As with other game jams I participated in, I wanted to work with as many of my friends as possible. And since I had never developed alone with this one friend of mine, we decided to make a game together. Geta Game Jam 8 was coming up and we decided to participate in it.

Design Choices

The theme of the jam was “Dreams and Nightmares”. Since the Auto-Chess genre was starting to get popular around the time, we decided to try our hand at making an Auto-Chess game. However, we knew that making a full-fledged multiplayer game was out of our scope since we did not have the time or experience for it. We decided to implement the basic functionality of an auto-chess game (buying/selling units, combining units, progressing levels, etc) and we’d go from there depending on how much time we had left for the jam.

For the theme, we decided to have two kinds of units, ones belonging to the “dreams” side, with units such as a priest or an angel. And the “nightmare” side having their counterparts such as a “shadow being” or a “dark priest”. We managed to get the core auto-chess functionality developed and decided to spend the rest of the time polishing what we already had and balacing the difficulty of the levels.
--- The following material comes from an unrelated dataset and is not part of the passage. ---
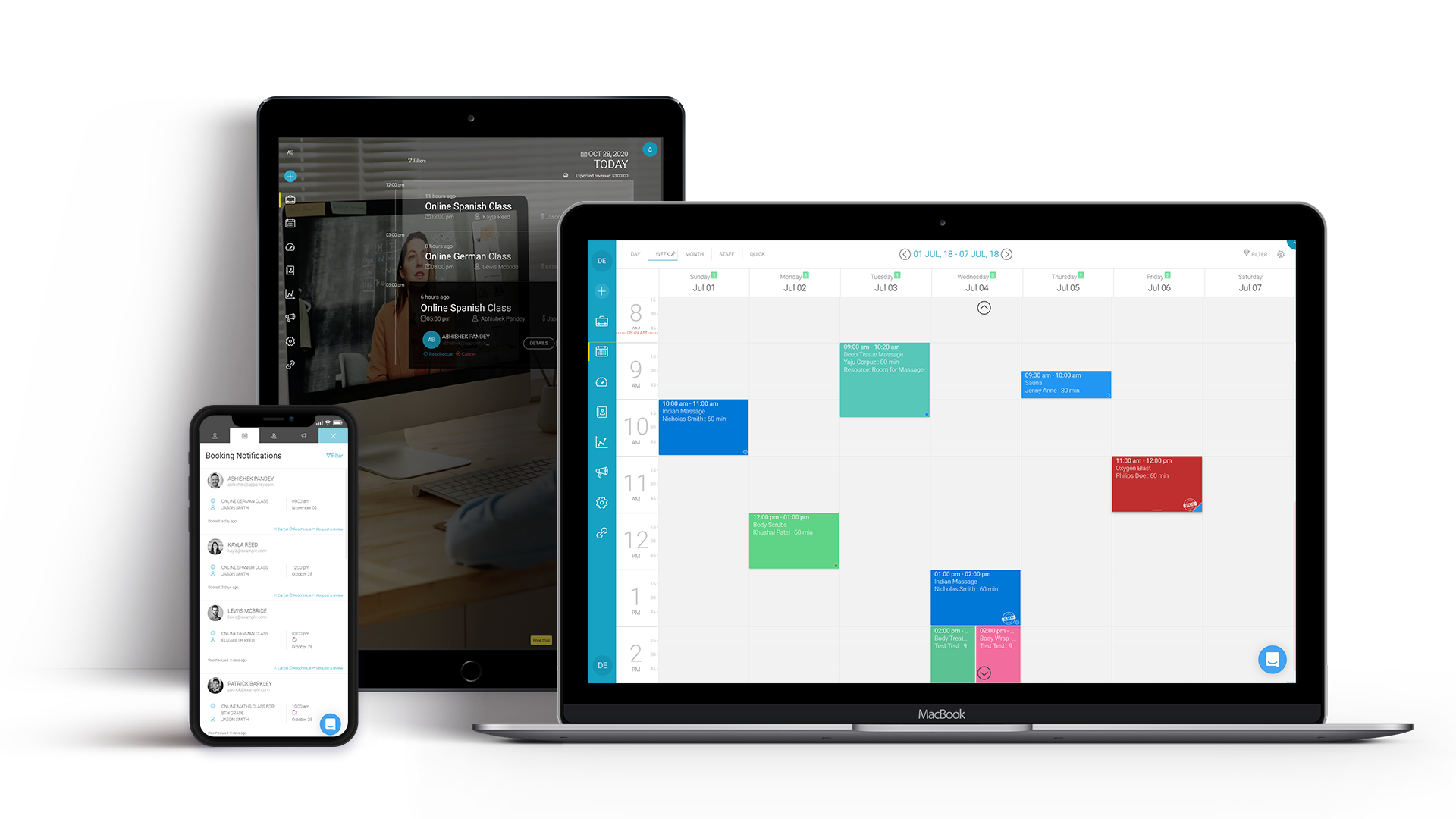 Appointy's admin portal, calendar and notifications page displayed on various devices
Overall, I was happy with what we created and it remains one of my favourite games that I’ve developed.

What I learnt

My teammate during this project was one of the people I had troubles working before. However, I learnt to put those issues behind and approach this project with a clear and open mind. And it worked very well! We had a fun time and as a result the game developed at the end was well polished and was a product we were happy with. This was also the first isometric 3D game I had ever worked on, and learning to work in such an environment was also a good experience.